- **ENTRIES PROVIDED**:
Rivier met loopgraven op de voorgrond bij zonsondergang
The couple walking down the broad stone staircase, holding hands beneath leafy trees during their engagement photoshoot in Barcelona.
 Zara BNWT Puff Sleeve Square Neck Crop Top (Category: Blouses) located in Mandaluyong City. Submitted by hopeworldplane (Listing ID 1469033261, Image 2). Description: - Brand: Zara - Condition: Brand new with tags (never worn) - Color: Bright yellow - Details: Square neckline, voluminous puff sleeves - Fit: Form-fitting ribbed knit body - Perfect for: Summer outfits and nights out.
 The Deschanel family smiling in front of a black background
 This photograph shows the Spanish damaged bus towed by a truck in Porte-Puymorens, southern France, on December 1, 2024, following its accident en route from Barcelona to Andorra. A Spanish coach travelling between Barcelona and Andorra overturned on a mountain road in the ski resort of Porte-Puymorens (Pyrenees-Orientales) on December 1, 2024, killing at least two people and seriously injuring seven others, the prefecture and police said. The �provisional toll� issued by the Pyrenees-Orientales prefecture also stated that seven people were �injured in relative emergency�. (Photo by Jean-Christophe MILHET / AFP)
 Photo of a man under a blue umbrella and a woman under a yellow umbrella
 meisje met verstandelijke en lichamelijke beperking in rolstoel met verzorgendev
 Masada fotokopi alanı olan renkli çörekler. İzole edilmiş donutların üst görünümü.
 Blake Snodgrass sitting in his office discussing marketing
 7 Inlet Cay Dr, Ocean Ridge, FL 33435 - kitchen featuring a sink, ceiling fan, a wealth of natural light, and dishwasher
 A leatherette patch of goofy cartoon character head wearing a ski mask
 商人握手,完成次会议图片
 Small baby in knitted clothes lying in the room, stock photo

- **TASK TO COMPLETE**:
Give back exactly the lines from the one that contains "meisje met verstandelijke" to the end of the data above, both of those lines included.

- **TASK OUTPUT**:
 meisje met verstandelijke en lichamelijke beperking in rolstoel met verzorgendev
 Masada fotokopi alanı olan renkli çörekler. İzole edilmiş donutların üst görünümü.
 Blake Snodgrass sitting in his office discussing marketing
 7 Inlet Cay Dr, Ocean Ridge, FL 33435 - kitchen featuring a sink, ceiling fan, a wealth of natural light, and dishwasher
 A leatherette patch of goofy cartoon character head wearing a ski mask
 商人握手,完成次会议图片
 Small baby in knitted clothes lying in the room, stock photo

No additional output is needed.